Please refer to fig. 1, which illustrates a schematic diagram of an implementation environment related to a load balancing method according to an embodiment of the present application. As shown in fig. 1, an execution subject of the load balancing method provided in this embodiment of the present application may be one computer device, or may also be a computer device cluster formed by multiple computer devices, where multiple k8s clusters may be deployed on one computer device, and one k8s cluster may also be deployed on multiple computer devices together, and a deployment manner of the k8s cluster is not limited. Different computer devices can communicate with each other in a wired or wireless manner, and the wireless manner can be realized through WIFI, an operator network, NFC (near field communication) or other technologies.

Referring to fig. 2, a flowchart of a load balancing method provided in an embodiment of the present application is shown, where the load balancing method may be applied to the computer device in fig. 1. As shown in fig. 2, the load balancing method may include the following steps:

step 201, a first load balancer deployed in the load balancing cluster subscribes to a load balancing policy stored in the load balancing cluster.

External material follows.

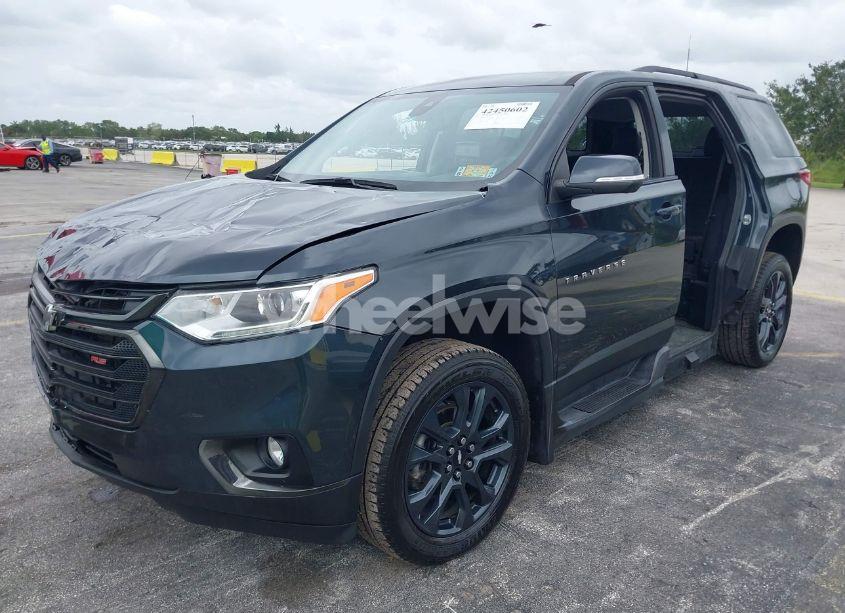 Photo 2 of 2021 Chevrolet Traverse FWD RS (VIN 1GNERJKW3MJ188636)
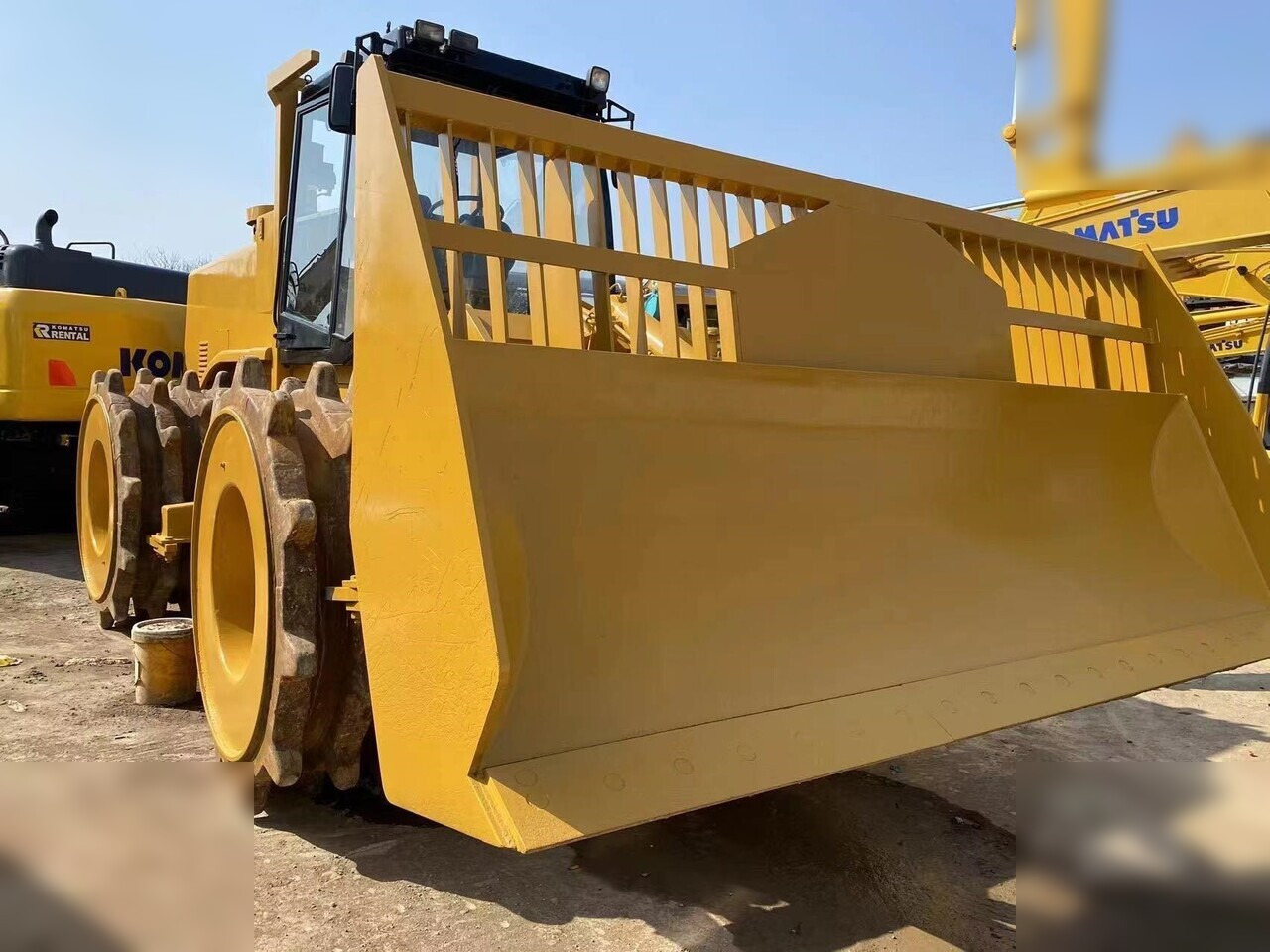 CATERPILLAR 826G - Kompaktor: slika CATERPILLAR 826G - Kompaktor CATERPILLAR 826G - Kompaktor: slika CATERPILLAR 826G - Kompaktor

It should be noted that the load balancing cluster may be a k8s cluster or another type of cluster, and the embodiment of the present application only takes the load balancing cluster as a k8s cluster as an example for description.

The first load balancer may be a haproxy-ingress seven-layer load balancer, or a series of ingress seven-layer load balancers such as ingress-nginx, AWS ingress, GCE ingress, and EnRoute. Among them, haproxy is a free and open source software written in C language that provides high availability, load balancing, and tcp and http based application proxies.

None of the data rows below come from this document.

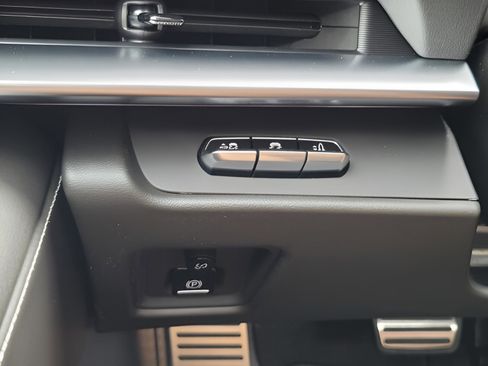 New 2026 Chevrolet Corvette Stingray Convertible w/ 1LT image 20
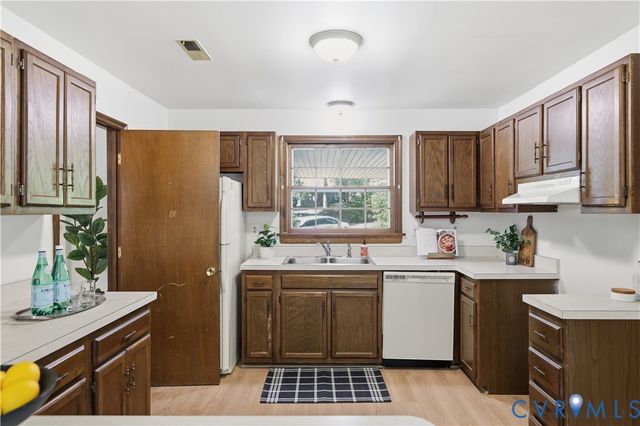 2869 Iverson Rd, Midlothian, VA 23112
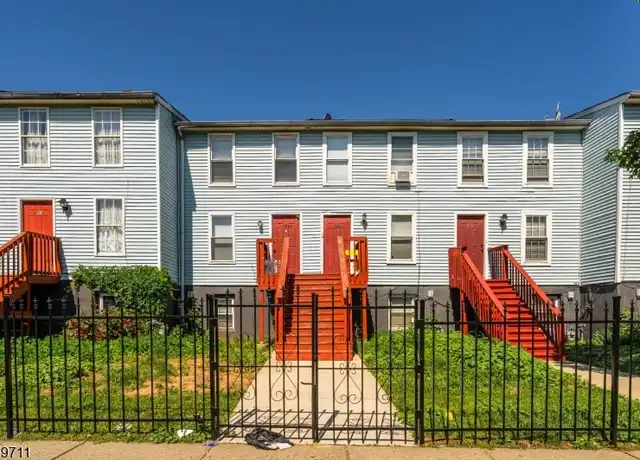 Property at 196A Broadway, Newark, NJ, 07104, 4 beds, 2 baths, [object Object]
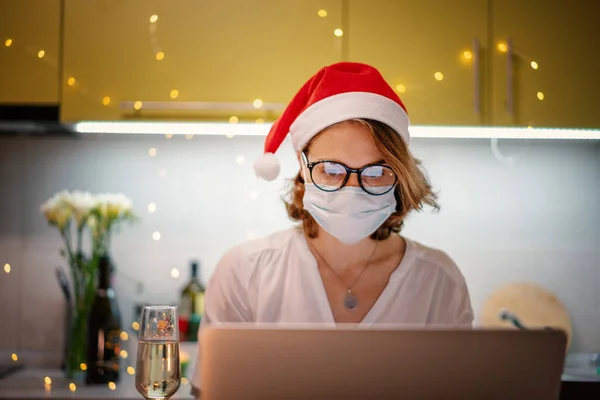 Schöne Junge Frau Mit Weihnachtsmann Hut Feiert Weihnachten Und Neujahr — Stockfoto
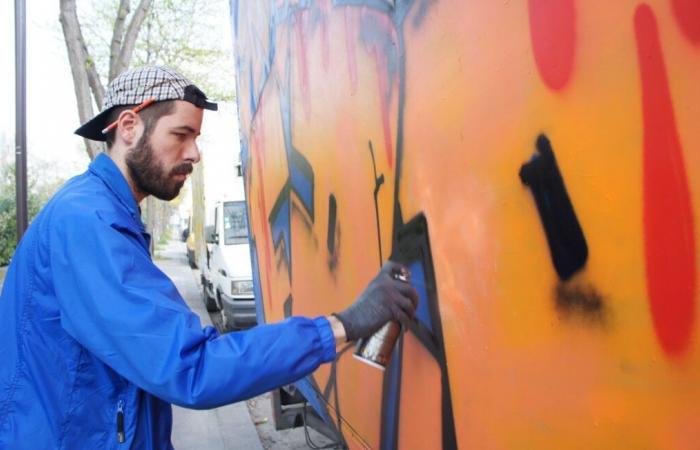 Il destino del graffitista francese imprigionato non sarà deciso prima del 16 dicembre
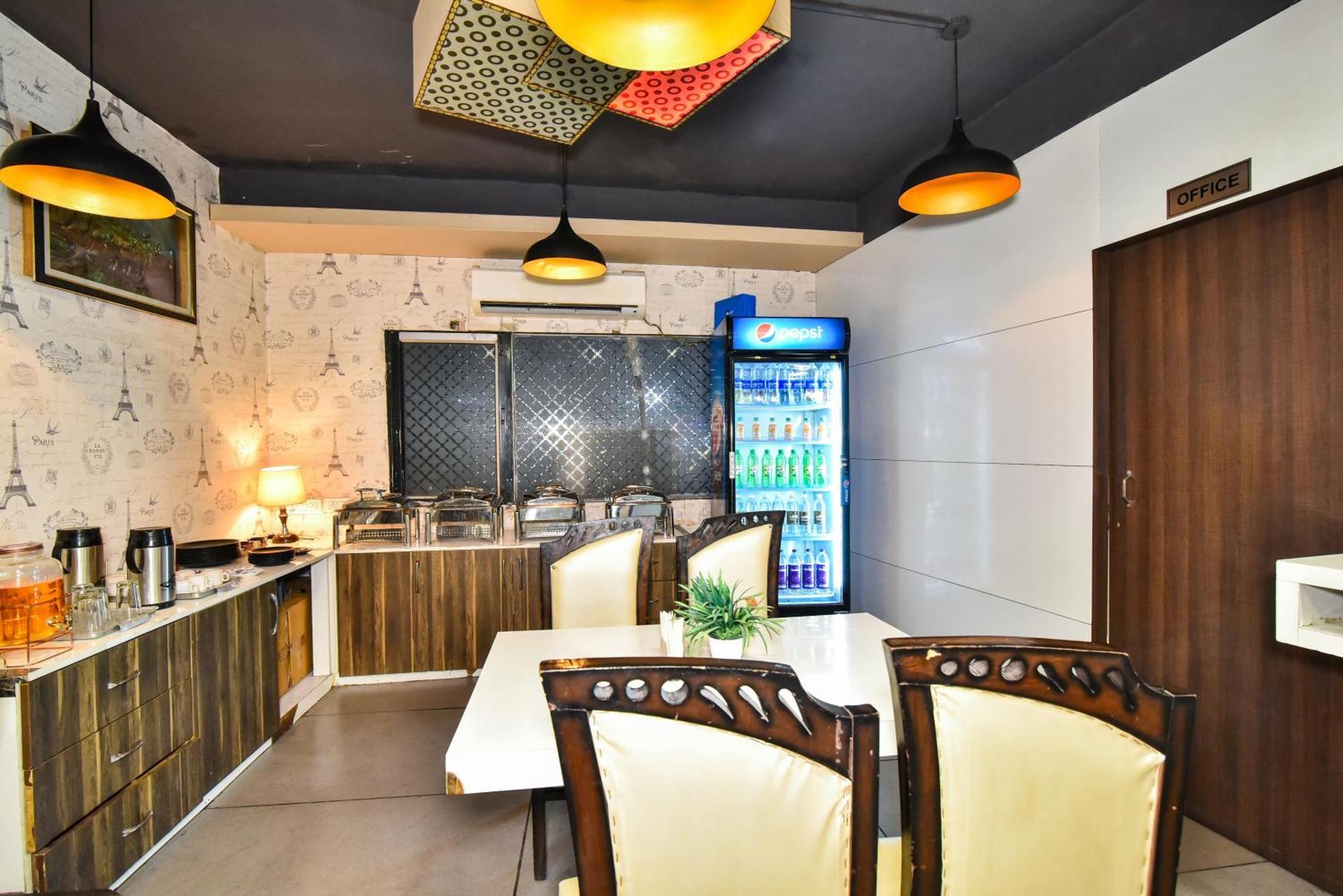 Pinaz Royale Hotell Amritsar Eksteriør bilde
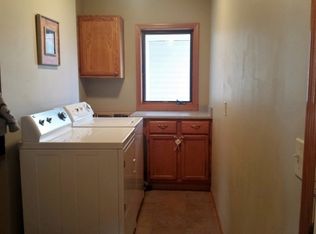 226 Parador Pl, Cottage Grove, WI 53527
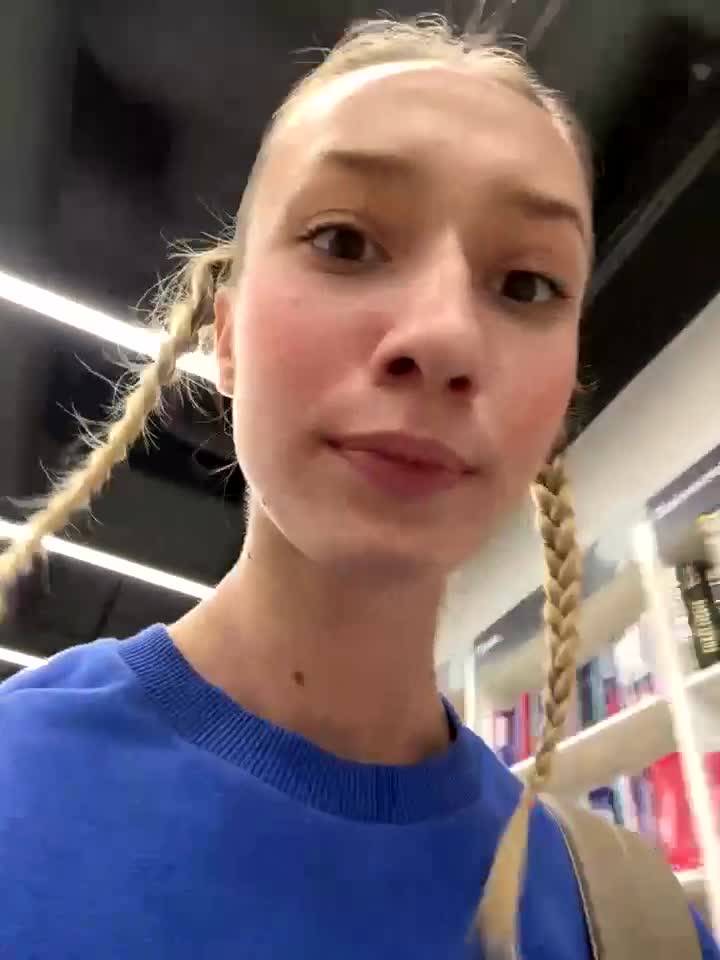 Lia__Love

The load balancing policy may be an Ingress load balancing policy (seven-layer load balancing policy), Ingress is an API object that manages external access to services in the cluster, a typical access mode is HTTP, and Ingress may provide load balancing, SSL termination, and name-based virtual hosting. In the embodiment of the application, an open source ingress mechanism is utilized, ingress can be dynamically updated when the version is released, and seven-layer load balancing strategy change is realized, so that the self-service capability of a user is improved.

Step 202, the first load balancer subscribes to resource information of the service load resources in the service clusters where different applications are deployed.

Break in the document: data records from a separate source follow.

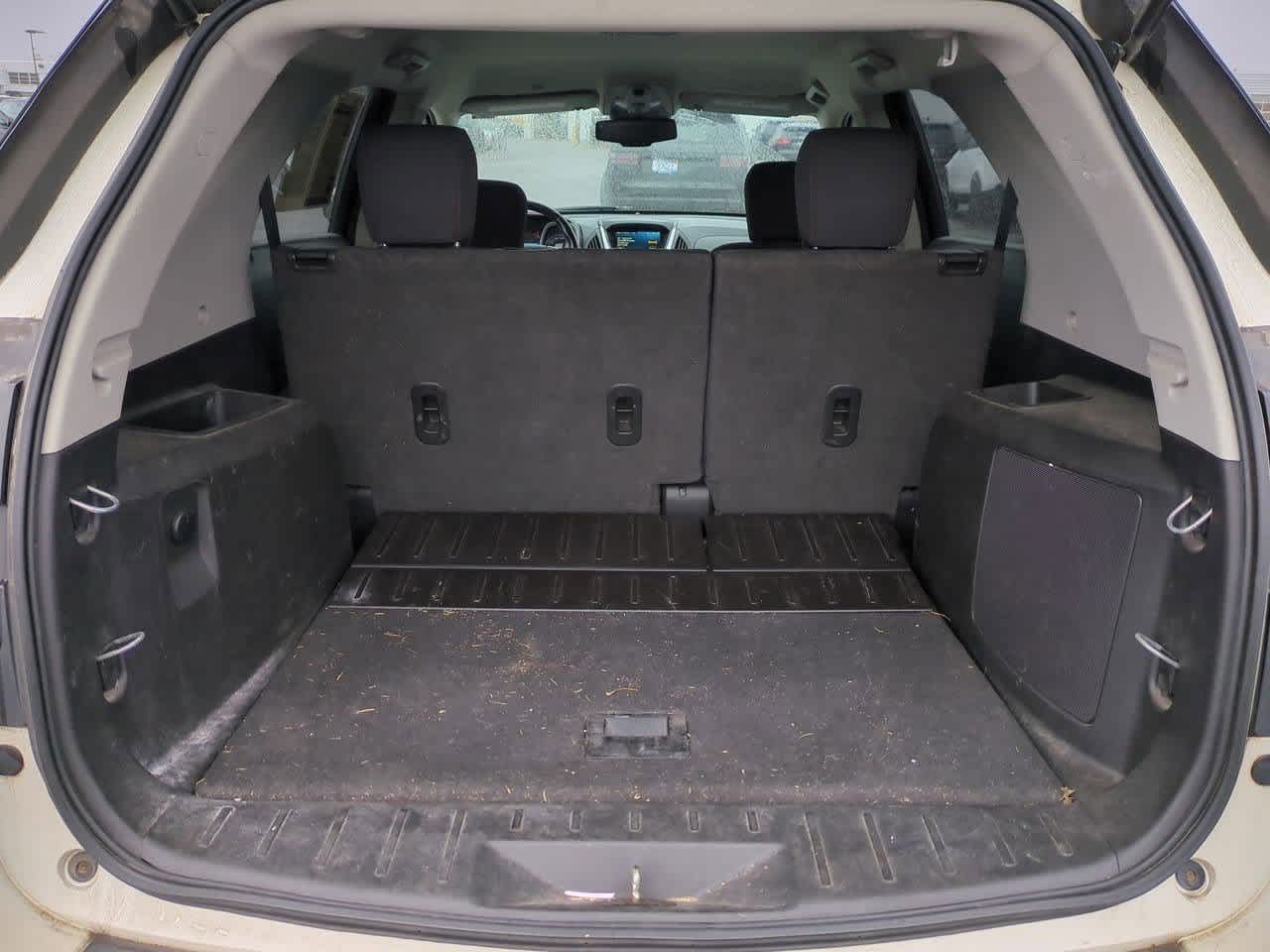 Thumbnail: 2013 Chevrolet Equinox - 32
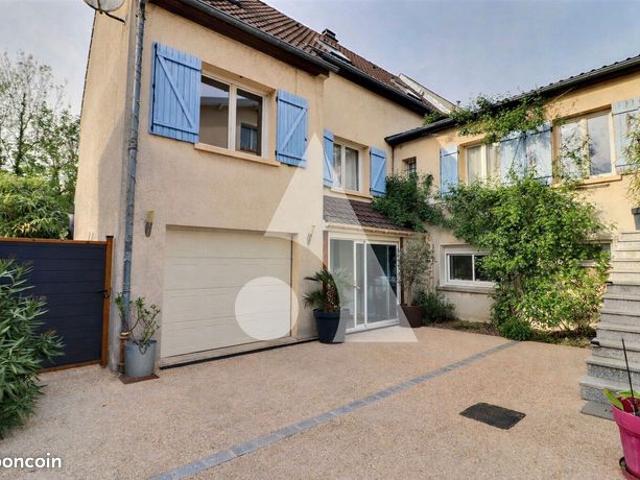 Maison 7 pièces 149 m²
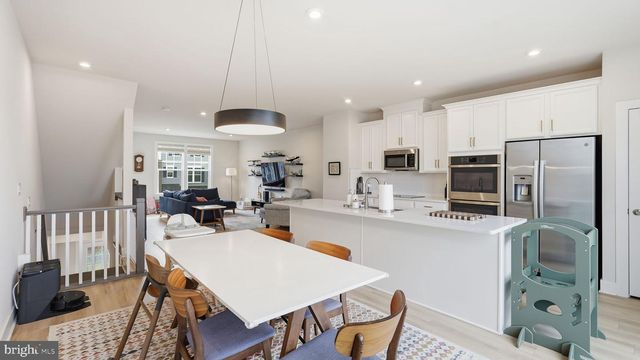 10511 HINTON WAY, Manassas, VA 20112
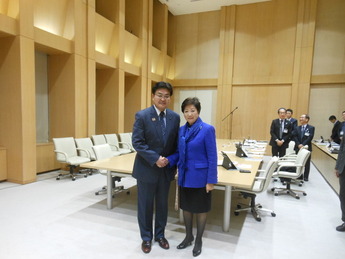 写真：東京都知事との意見交換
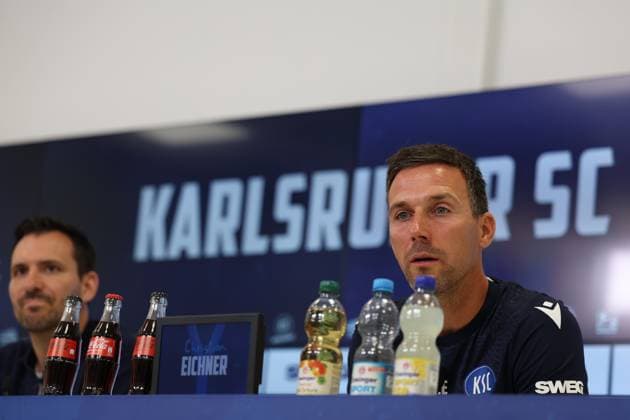 31 07 2025, xrekx, Soccer 2 Bundesliga, Karlsruher SC Press Conference v l Mario Eggimann Managing Director Sports Karlsruher SC Coach Christian Eichner Karlsruher SC DFL DFB REGULATIONS PROHIBIT ANY USE OF PHOTOGRAPHS as IMAGE SEQUENCES and or QUASI VIDEO Karlsruhe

In this embodiment, the service cluster may be a k8s cluster or another type of cluster, which is only described as an example that the service cluster is a k8s cluster, and in a case that the service cluster is a k8s cluster, the service load resource may include at least one of pod, service, and endpoints, where the pod, service, and endpoints may all include at least one container, and resource information of the service load resource is used to represent a load condition of the service load resource. In this embodiment of the present application, different applications may be deployed in the multiple service clusters, and optionally, each of the multiple service clusters may deploy an application different from that of the other service clusters, or some of the multiple service clusters may deploy the same application, but the deployed application is different from that of the other service clusters.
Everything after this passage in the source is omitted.